Next year, San Francisco's light-rail vehicles (LRVs) will receive their first major upgrade since the 1990s. Beginning this fall, SFMTA will begin accepting delivery of new LRVs with sleek exteriors and revised seating configurations, which will begin serving passengers on SFMTA's six streetcar routes in summer 2017. The 215 new vehicles will be manufactured by Siemens in Sacramento under a $1.2 billion contract.
The design in the center will be deployed on the new cars. (Photo: via Siemens)
Siemens is already fabricating the new cars, the first two of which will be delivered before the end of the year. After that, "the first 64 cars will be added to the current fleet," said SFMTA spokesperson Paul Rose. "This will allow us to have more cars in service and run three-car shuttles."
"The prototypes should be here by the end of this year," Rose added. "After testing, the first new cars should be in service by summer of 2017." The new LRVs will be able to run on all six Metro lines, he added.
Today, SFMTA has 155 LRVs in service; in September 2014, the Board of Supervisors acted on the SFMTA's recommendation to purchase the new vehicles to replace and expand its fleet. Initially, the City agreed to buy 175 new cars, but it later exercised an option to order 40 more.
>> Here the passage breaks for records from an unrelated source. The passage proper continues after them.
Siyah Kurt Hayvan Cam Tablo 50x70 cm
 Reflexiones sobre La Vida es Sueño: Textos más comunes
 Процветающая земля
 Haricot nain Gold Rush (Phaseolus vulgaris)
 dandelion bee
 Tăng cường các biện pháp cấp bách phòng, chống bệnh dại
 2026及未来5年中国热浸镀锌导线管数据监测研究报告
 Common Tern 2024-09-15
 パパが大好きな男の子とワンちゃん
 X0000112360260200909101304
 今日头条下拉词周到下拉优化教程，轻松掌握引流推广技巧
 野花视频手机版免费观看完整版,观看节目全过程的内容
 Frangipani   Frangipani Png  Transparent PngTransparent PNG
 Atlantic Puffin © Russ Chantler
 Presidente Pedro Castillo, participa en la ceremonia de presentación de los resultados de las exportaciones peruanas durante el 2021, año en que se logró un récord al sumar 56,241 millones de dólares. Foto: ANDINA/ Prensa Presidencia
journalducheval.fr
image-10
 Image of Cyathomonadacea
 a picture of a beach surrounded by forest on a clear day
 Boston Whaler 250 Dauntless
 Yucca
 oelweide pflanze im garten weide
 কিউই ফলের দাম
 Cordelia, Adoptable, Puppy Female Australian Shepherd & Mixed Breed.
The original plan was to have the first new cars up and running by the end of 2016, but as always, there have been delays.
To gather rider input on the new vehicle designs and configurations, the SFMTA surveyed customers across the city in 2014. Heavy LRV ridership in the western neighborhoods impacted the results; of the 8,755 people who participated in the survey, 33 percent were regular riders of the N-Judah, the busiest of the six LRV lines.
SFMTA staff recommended this design for the new cars. (Photo: SFMTA)
In the survey, passengers in the western neighborhoods expressed a strong preference for transverse seating, where back-to-back seats face the front and rear of the vehicle. But a majority of riders (54 percent) said they preferred longitudinal seating, in which seats face into the vehicle, creating wider aisles.
SFMTA staff recommended longitudinal seating as well, "both to ensure future capacity for growing ridership and to allow for the possibility of a future policy decision about bicycles." Longitudinal seating was also the top choice for advocates for people with disabilities, so that's what Muni chose. "All new trains will use longitudinal seating," said Rose.
The new longitudinal seating will create more standing room. (Photo: SFMTA)
Even for those who don't prefer a longitudinal layout, the design offers some aspects that will make for a more comfortable ride. A November 2014 report by John Haley, SFMTA's director of transit, asserts that "longitudinal seating means a lighter car, primarily due to less steel that will allow us to achieve our target weight." Lighter cars reduce track wear and vibration, making for a more energy-efficient and comfortable ride.
Haley added that cars with longitudinal seating will be easier to clean and maintain, and could allow for bicycles to be brought onboard Muni trains in the future. "This design allows us to work with the key stakeholders to consider actions necessary to re-evaluate our current practice of restricting bicycles to folding models," he wrote.